Ercilla volubis - K. Keeton

April 2019

Ercilla volubis

In April, when there are so many beautiful blossoms in the Garden, from the magnolias, cherries, rhododendrons and camellias, one can be forgiven for missing this rather odd, but pretty Chilean vine clambering up the north wall of the Pavilions (area C on downloadable map). Ercilla volubilis is an evergreen self-clinging climber, supporting itself by aerial roots. The leaves are rounded and leathery, and in March/April the most unusual flowers can be seen in dense spikes of small, purplish white flowers. Brown adhesive pads emanate from behind the leaf axils to hold the stems to the brickwork. In the wild these vigorous shoots would twine through the foliage of shrubs and small trees.
Discovered in mixed thickets in the foothills of the Andes, to the coastal forests, it was introduced to the UK in 1840 by Thomas Bridges, a very industrious collector of South American plants. Originally named by Hooker, as Bridgesia spicata, until it was discovered that it had already been named after a Spanish nobleman and soldier, Alonso de Ercilla. Volubilis meaning twining. This plant was introduced to the Garden during the restoration (2004) and has proved to be both hardy and vigorous.

Cornus mas - S. Turner

March 2019

Cornus mas

C. mas is one of the Cornaceae (dogwood) family). It produces dainty sprays of up to 25 four-petalled flowers in little yellow puffs, all along its leafless twigs. Because of the hardness of its dense wood the ancient Greeks used it to make spears and arrows. The common name, cornelian cherry, comes from the Latin 'cornu' meaning 'horn'. It is known that 7,000 years ago the cherry-like fruits were a food source in Greece, and they are still used in spirits distillation throughout the range of the tree from Belgium to the Caucasus.
C. mas has been in cultivation in Britain since the mid 16th century, when one was recorded at Hampton Court Palace. Several cultivars hold the Award of Garden Merit of the Royal Horticultural Society. In SBG the species grows on the perimeter path, west of the Long Border (Area T) and near the Brocco Bank gate (Area E).

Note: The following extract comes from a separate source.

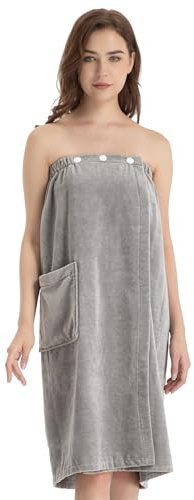 Winthome Saunakilt Damen 100% Baumwolle, Saunatuch Damen Weich Bequem, Saunahandtuch Damen Saugstark, Verstellbar mit Knöpfen, Taschen, Bademantel für Sauna, Dusche, Strand, Schwimmbad(Grau, 80x145cm)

Lonicera x purpusii 'Winter Beauty' - K. Keeton

February 2019

Lonicera x purpusii 'Winter Beauty'

The winter flowering honeysuckles (Lonicera) are planted throughout the Gardens, and the ones near the Grand Entrance, (area D on downloadable map), are flowering well. The honeysuckle family is a genus of about 180 deciduous and sometimes evergreen species of bushy or climbing shrubs. They were named by Linnaeus after Lonizer, a German naturalist of the 16th century.
L. x purpusii 'Winter Beauty' is a spreading, semi-evergreen shrub, a cross between L. fragrantissima and L. standishii. Both were discovered by Robert Fortune, the intrepid Scot, during his travels in China in 1845. The very free-flowering 'Winter Beauty' form, was raised by Hillier Nurseries from a cross made in 1966. This particular form, produces fragrant cream-coloured flowers, often flowering from early December until April. The flowers themselves are really quite insignificant, but the power of the perfume is delightful!!

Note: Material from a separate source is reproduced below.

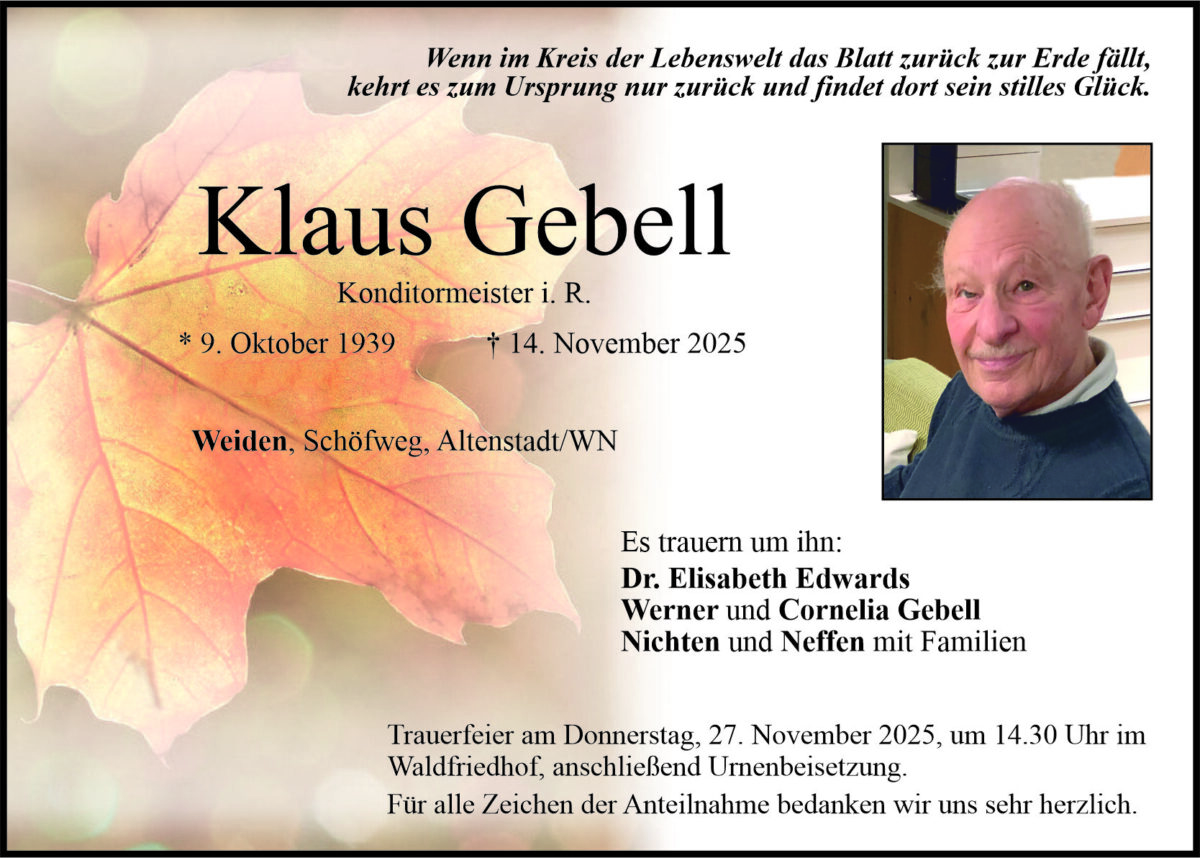 Traueranzeige Klaus Gebell, Weiden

Sophora microphylla ‘Sun King’ - S. Turner

January 2019

Sophora microphylla 'Sun King'

This large bushy shrub has responded to the hot summer by flowering very profusely. The fine evergreen foliage with up to 40 leaflets on each 6in pinnate leaf provide a good foil for the bright yellow, pea-like flowers. These persist for many weeks. This cultivar was selected by John Hillier at his arboretum in 1982 from material brought from Chile, and subsequently widely marketed protected by Plant Breeders' Rights. It holds the prestigious Award of Garden Merit of the Royal Horticultural Society.
But amongst the 50 species of Sophora (in the Legumuminosae family) there has been some confusion and reclassification, and in recent years it has been convincingly demonstrated that the plant S. microphylla 'Sun King' is in fact a hybrid between S.cassioides and S. macrocarpa (both Chilean). S. microphylla is from New Zealand.
The shrub thrives against the wall in Osborn's Field (Area J) near the Austrian pine.